Key Highlights
- The coffee giant finalized a partnership arrangement with Boyu Capital, transferring 60% control of Chinese operations to the private equity firm.
- Starbucks maintains 40% ownership while continuing to provide brand licensing and intellectual property rights to the partnership.
- The Chinese joint venture manages approximately 8,000 locations, with ambitions to reach 20,000 stores.
- New U.S. employee perks include weekly paychecks, digital gratuity options, and performance-based bonuses reaching $1,200 annually.
- Trading activity remained subdued with shares gaining merely 0.1% in extended hours following a marginal decline in standard market hours.
Starbucks (SBUX) stock experienced minimal volatility on Thursday, ending regular market hours slightly down and climbing a mere 0.1% in after-hours trading, essentially hovering near breakeven territory despite unveiling two significant corporate developments.
The Seattle-based coffee chain finalized its partnership agreement with Boyu Capital, a private equity organization operating across China, Hong Kong, and Singapore.
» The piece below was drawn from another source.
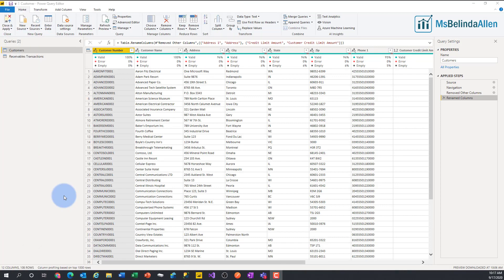Hi, I'm Belinda Allen and in this Power BI Tiny Tip, I want to talk about using parameters to give you some flexibility on the data sets that you're connecting to.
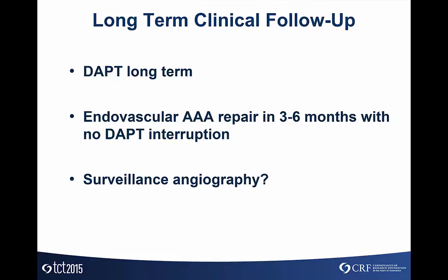We followed this patient long-term and considered long-term DAPT therapy. She had her endovascular AAA repair three to six months after the procedure with no interruption in DAPT therapy. I wanted to bring her back for surveillance angiography at six months to see what the vessels looked like, but she was doing so well that she turned us down, and I had a hard time pushing her. She did clinically excellent. I feel this is a procedure that, with our skill set in CTO PCI, we got a great outcome for this patient.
The arrangement grants Boyu-managed investment funds 60% ownership of Starbucks’ Chinese retail operations, while Starbucks retains a 40% interest. The coffeehouse chain will also continue providing brand licensing and intellectual property to the newly structured partnership.
The partnership was originally unveiled in November. Boyu’s leadership includes individuals with significant political connections, including a grandson of Jiang Zemin, China’s former president.
This collaborative venture encompasses roughly 8,000 corporate-owned locations throughout China. Strategic plans call for expansion to 20,000 stores over an extended timeline.
The Chinese market presents ongoing obstacles for Starbucks. Annual coffee consumption among Chinese consumers averages merely three cups per person, as noted by Brady Brewer, CEO of Starbucks International, during January’s investor presentation. Additionally, the company confronts intense pressure from domestic competitors such as Luckin Coffee and Cotti, which have aggressively competed on pricing.
Comparable store revenue across China and the broader Asia-Pacific territory declined consistently during 2024 before showing improvement in the recent year, based on FactSet analytics.
Employee Compensation and Incentive Updates
Also on Thursday, Starbucks rolled out an enhanced benefits package for its American workforce. The corporation announced it will transition all U.S. employees to a weekly payment system, discontinuing its previous compensation schedule.
Additionally, a performance incentive program was introduced allowing baristas and shift leaders to earn as much as $1,200 in supplemental annual income — distributed as $300 quarterly payments — when their location achieves specific revenue, operational efficiency, and customer satisfaction benchmarks.
Furthermore, employees will gain the ability to collect gratuities via mobile transactions and digital payment methods, including a scan-and-pay function at checkout.
The organization positioned these modifications as elements of a comprehensive strategy to improve employee retention, recognize staff contributions, enhance service quality, and reconnect with customers who had reduced visits due to elevated pricing or disappointing store experiences.
Labor Union Response
The enhanced benefits package includes important limitations. Starbucks indicated these changes “will be subject to collective bargaining as required by federal law” at approximately 5% of domestic locations where workers have unionized, suggesting those employees might experience delayed implementation.
Starbucks Workers United, the labor organization representing unionized staff, stated it was still reviewing complete program details. The union released a statement characterizing the announcement as a direct response to their organizing activities.
“It’s clearly a reaction to our organizing and demands for higher take-home pay for baristas,” the union said. The union added that many baristas rely on government assistance programs and often struggle to get enough hours to pay rent or qualify for healthcare.
The labor organization emphasized that both the incentive payments and gratuity options depend significantly on variables beyond employees’ immediate influence, including customer patterns and performance metrics determined by corporate management.
Starbucks declined to provide further elaboration beyond its original statements.